**** Information

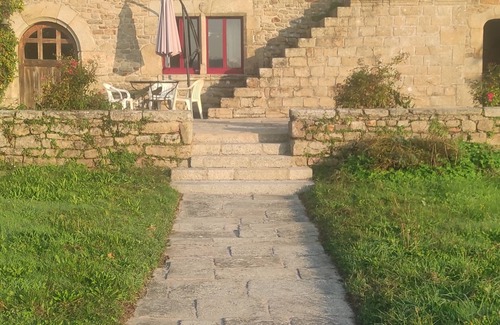 Pluneret Villa | Vast seaside property and fenced garden ideal for pets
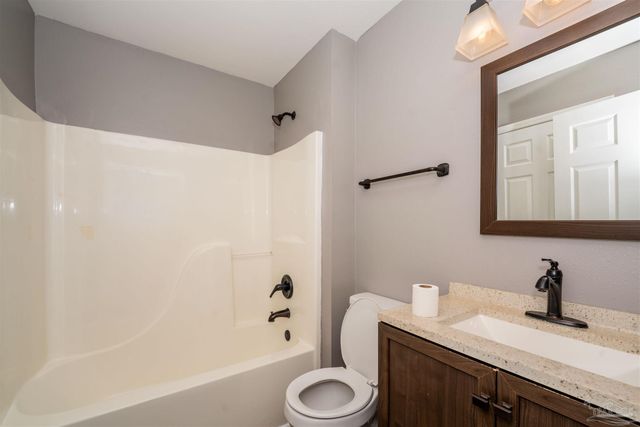 7060 Heather Oaks Dr, Pensacola, FL 32506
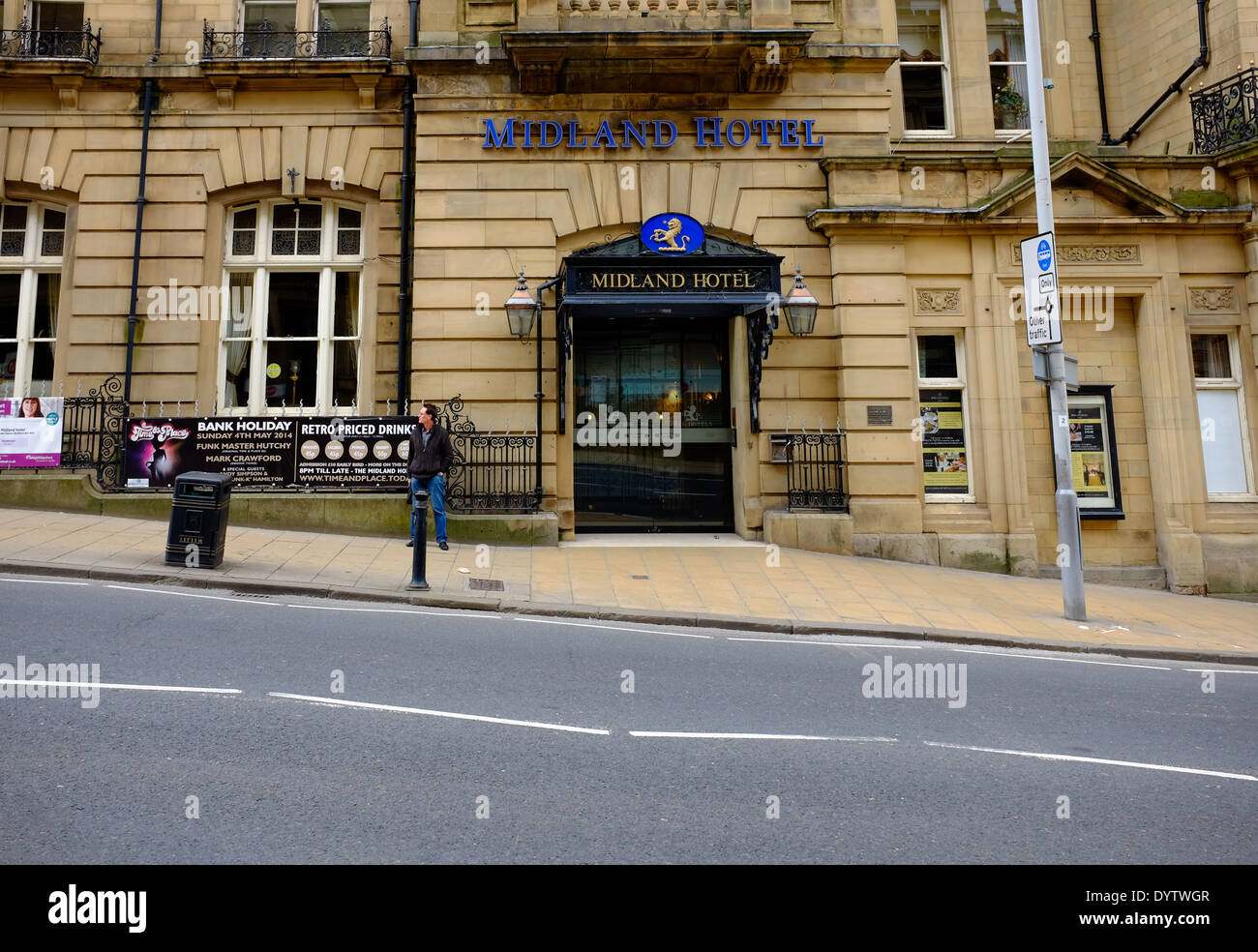 Der vordere Eingang des Midland Hotels in Bradford, West Yorkshire, Großbritannien. Ein Mann wartet draußen. Stockfoto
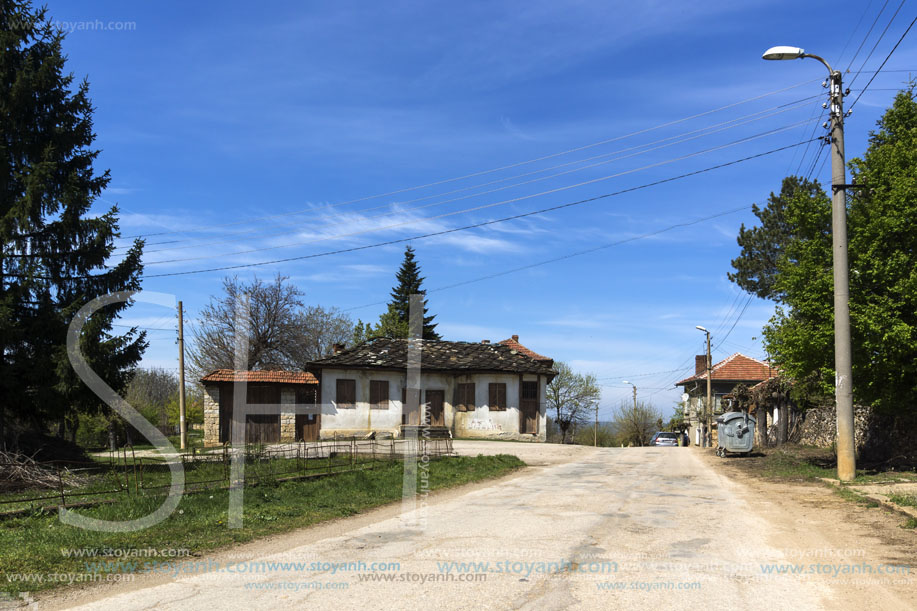 Село Деветаки, Област Ловеч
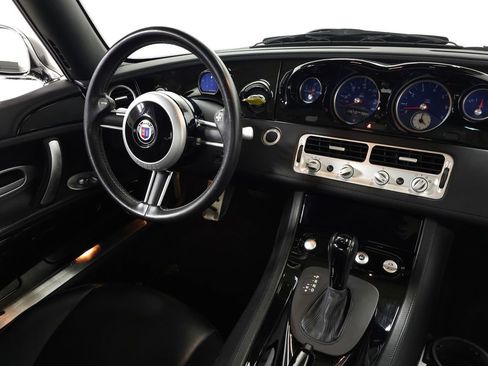 Used 2003 BMW Z8 RWD image 16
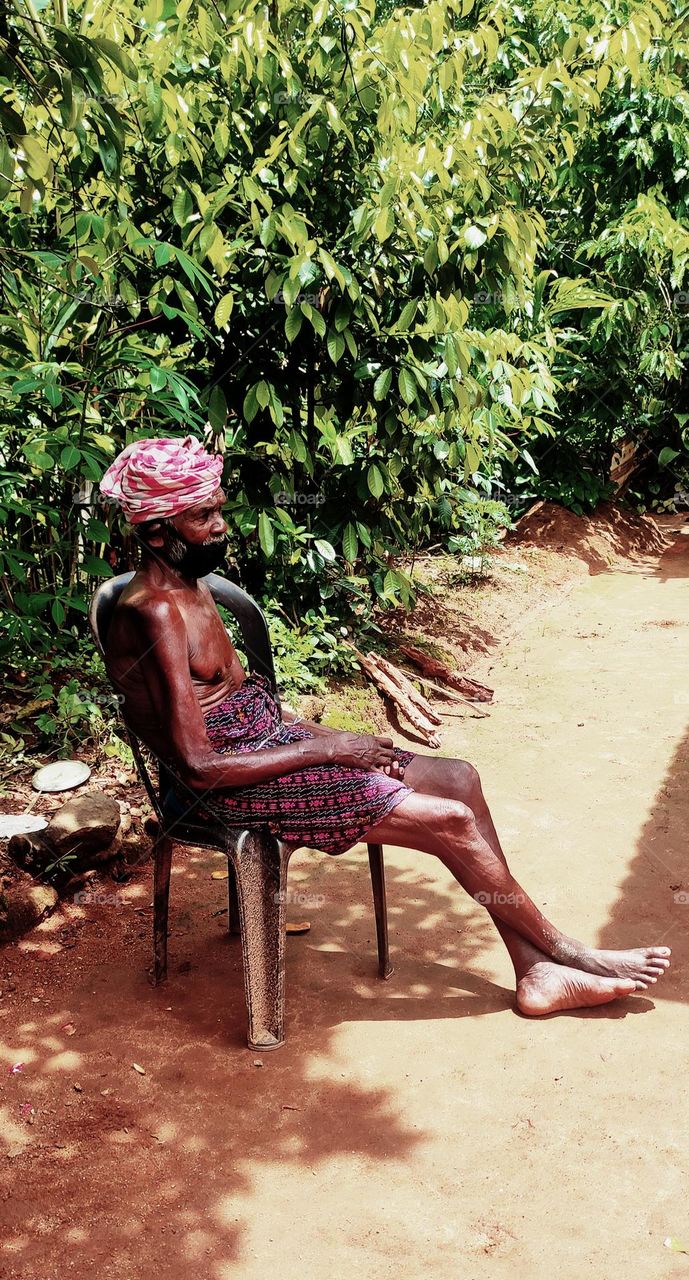 Someone's father and a grandfather who is a hardworking farmer in his old age ! Indian 😍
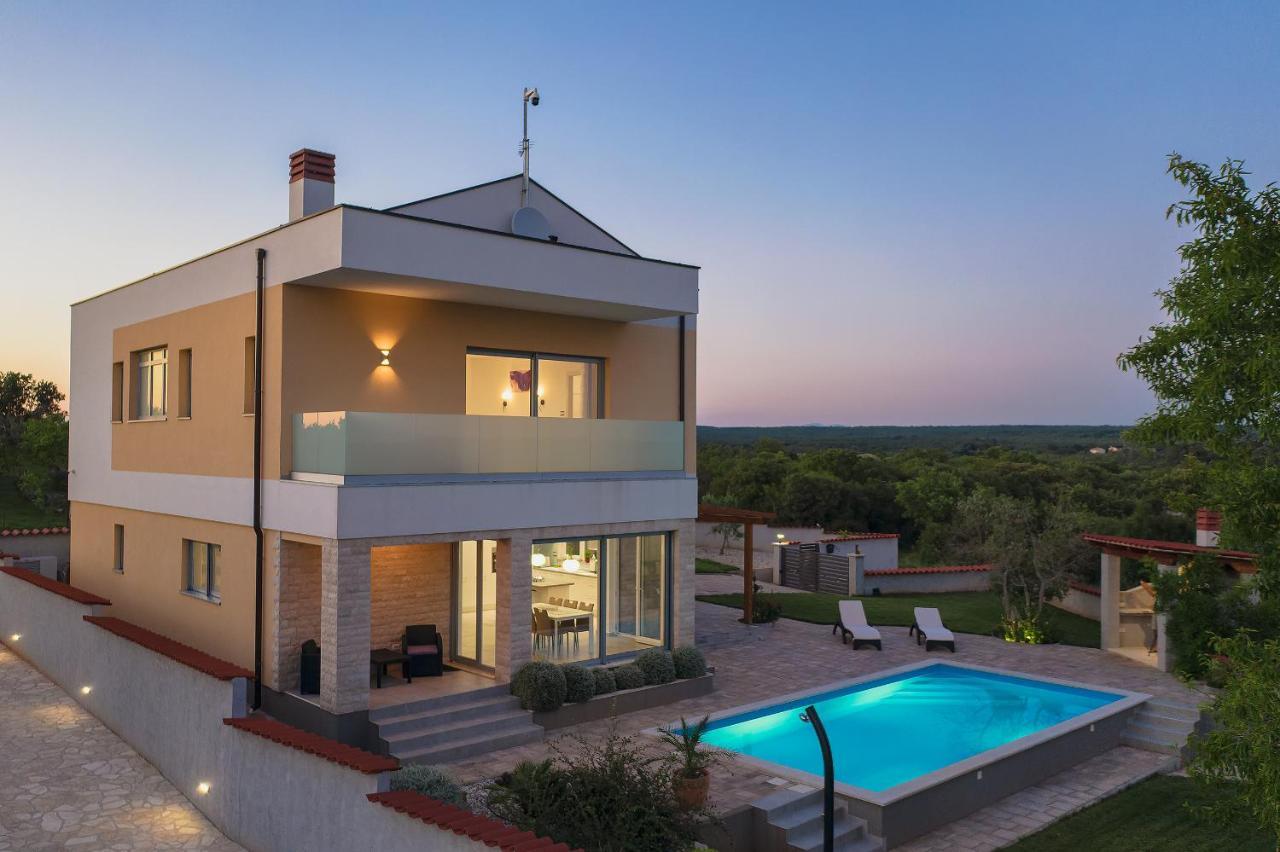 Villa White Barbariga Exterior photo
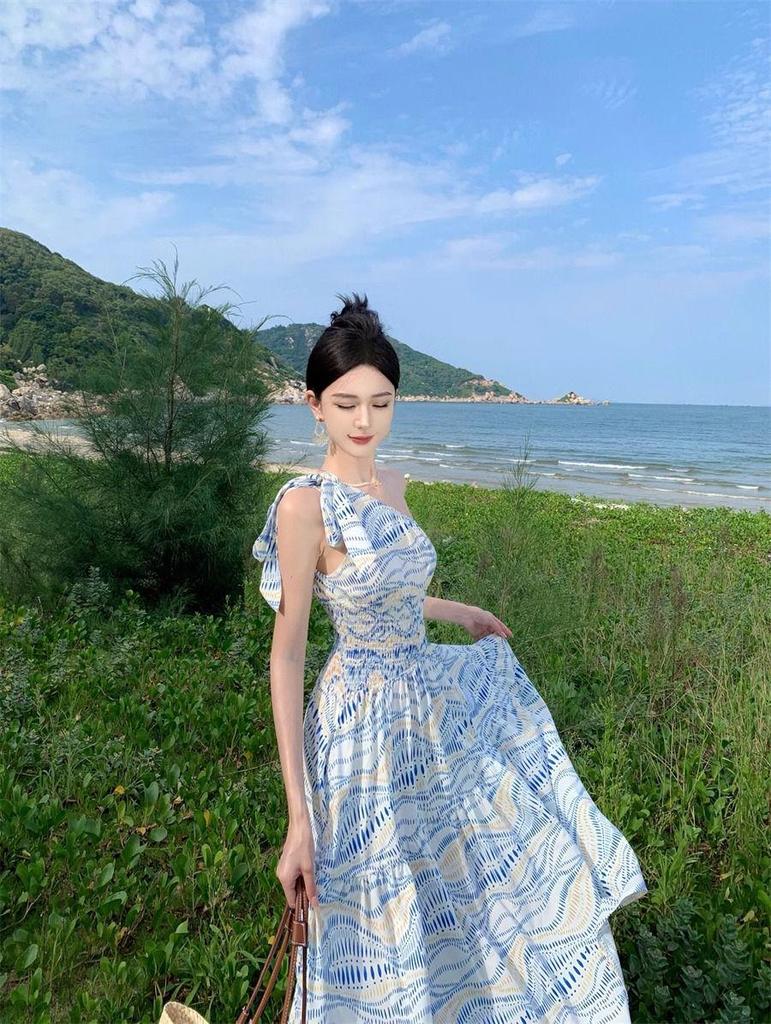 French Oil Painting Style One-Shoulder A-Line Beach Dress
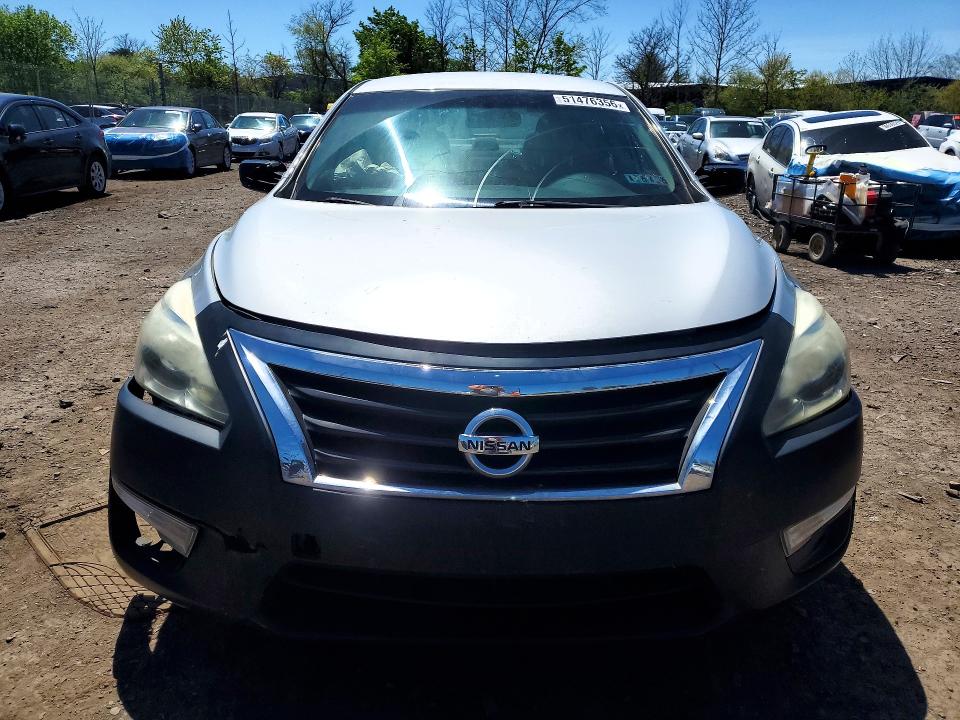 2013 Nissan Altima მანქანა იყიდება აუქციონზე, vin: 1N4AL3AP8DC284979, აუქციონის ნომერი: 51476356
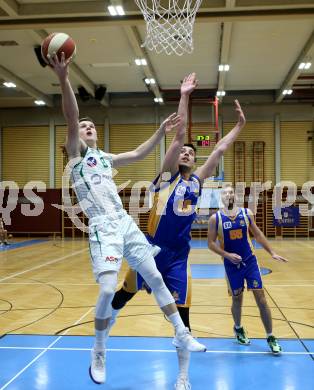 Basketball Zweite Liga 2020/2021. Grunddurchgang 10. Runde. KOS Celovec gegen BBU Salzburg. Jernej Heine Andolsek (KOS Celovec), Marko Rakic  (BBU Salzburg). Klagenfurt, am 5.12.2020.
Foto: Kuess
www.qspictures.net

---
pressefotos, pressefotografie, kuess, qs, qspictures, sport, bild, bilder, bilddatenbank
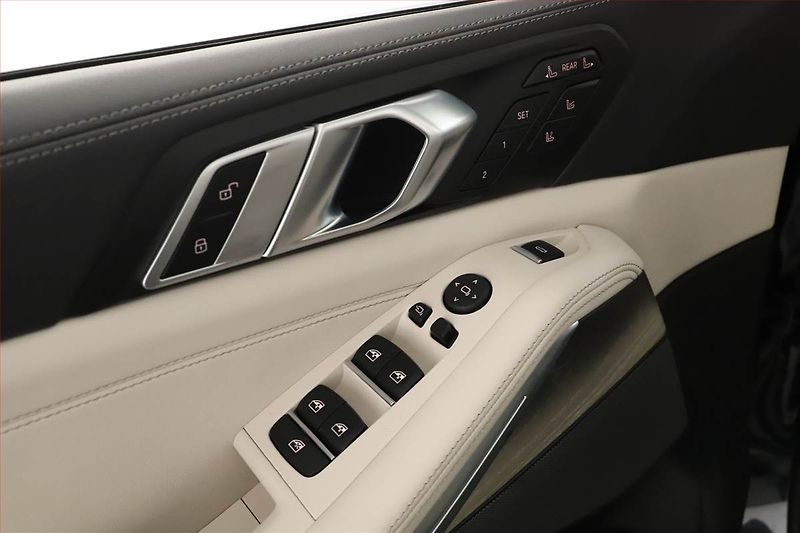 BMW X7 (2025) xDrive40d - fotka 9 z 20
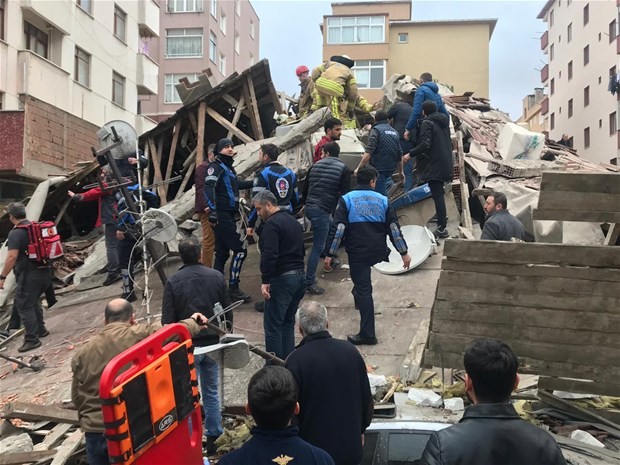 Kartal'daki çöken binadan ilk görüntüler...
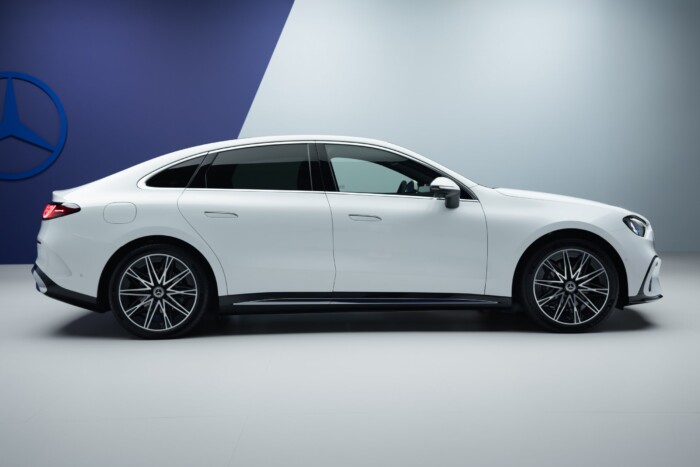 Hatalmas arccal érkezik az új Mercedes C-osztály 11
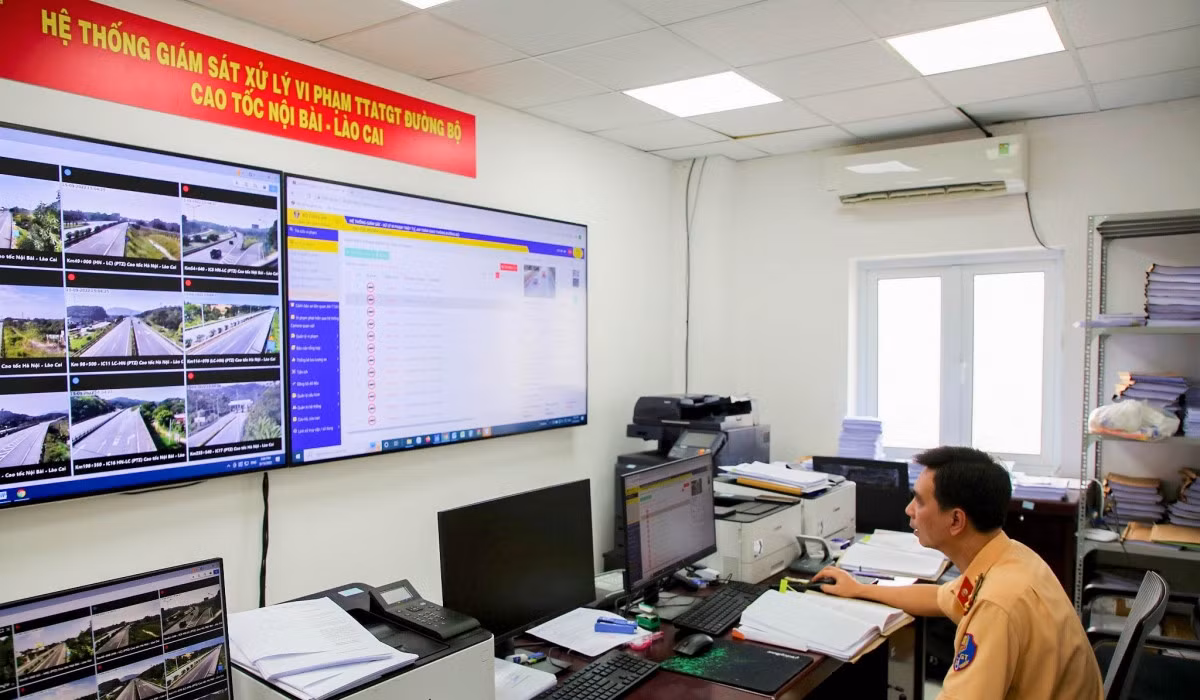 Nhờ hệ thống camera giám sát, lực lượng CSGT đã phát hiện và xử lý hàng loạt trường hợp che biển số xe hay lật biển số.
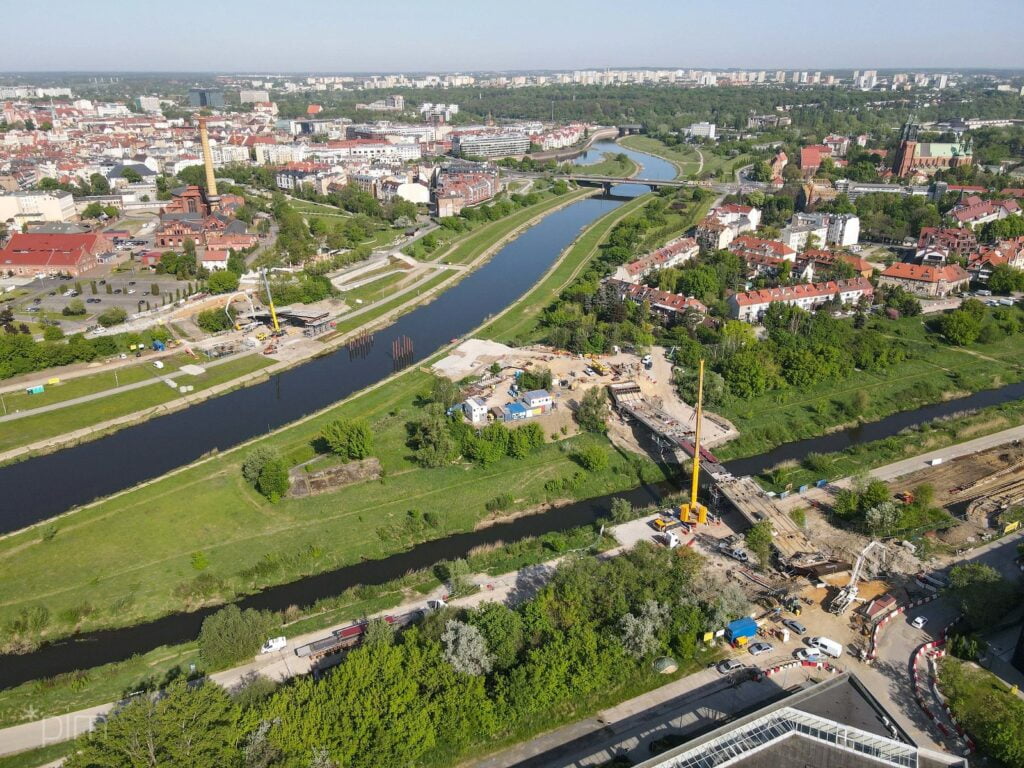 Budowa nowych mostów w Poznaniu. Jak idą prace? (ZDJĘCIA)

********

» What to produce
Please copy every line of the data that carries the string "qspictures".

» Final answer
www.qspictures.net
pressefotos, pressefotografie, kuess, qs, qspictures, sport, bild, bilder, bilddatenbank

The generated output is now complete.